In his book Get There Early, Bob Johansen talks to church leaders about his introduction to the term VUCA. It happened at the Army War College in Carlisle, Pennsylvania, where upcoming military strategists prepare to lead in an unpredictable future. The church should pay heed.
Here is what I think a VUCA world means for the church:
1. We have to communicate differently.
Jesus attracted people because of how he spoke to them. We cannot deviate from the Bible but our challenge is to translate ancient and timeless truths into the language of the people. Predictability in what you say is considered a waste of time. Ideas that are relevant in a season of chaos are engaging.
2. Authenticity trumps professionalism.
I don’t mean that sloppiness is okay. But slick packaging of the same old stuff will turn people away. It is more important to be real than to be the ideal role model. Honest and sincere leaders who are struggling to live out their faith in the real world inspire hope in the hearts of their followers.
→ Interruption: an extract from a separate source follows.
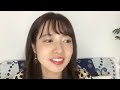 【のぎおび 宿題】中田花奈から斉藤優里へ 190110 190111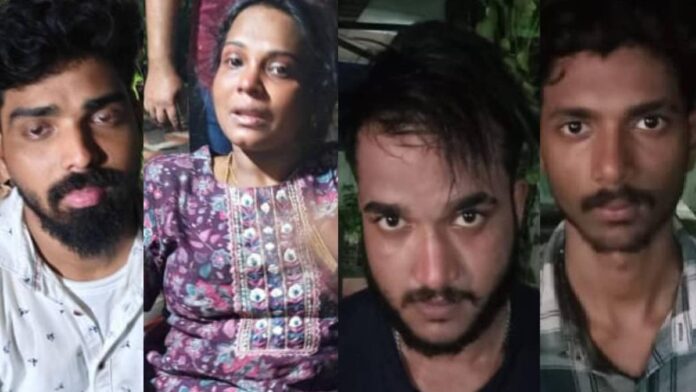 ’കുടുംബയാത്ര’ പാളി; MDMA കടത്തുസംഘം പിടിയിൽ, വസ്ത്രത്തിനുള്ളിൽ കടത്തിയത് ഏഴരലക്ഷം വിലയുള്ള ലഹരി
3. We must keep it people-oriented.
It’s about connecting with people at a heart level, not just educating them. If we are going through the motions of fulfilling the expectations of a religious system people will soon disconnect. We have to keep asking ourselves “why am I doing this?” If people’s names are not part of our answer we should re-evaluate.
4. We must keep it simple.
The pandemonium of our current time requires us to prioritize and stay focused on the things that matter most. Better to be really good at a few things than mediocre in a lot of things. Time and energy are limited for everyone. Let’s use them where they provide the greatest benefit.
Some would argue that the church should remain the one place in our chaotic society where there is consistency, predictability, and a respite from all the confusion and disorder. I understand the desire for an occasional escape from our topsy-turvy existence but if the church appears out of touch with the world they live in, people soon find it irrelevant to their lives and a waste of their precious time.
Question: how do you think the church can be more relevant and engaging?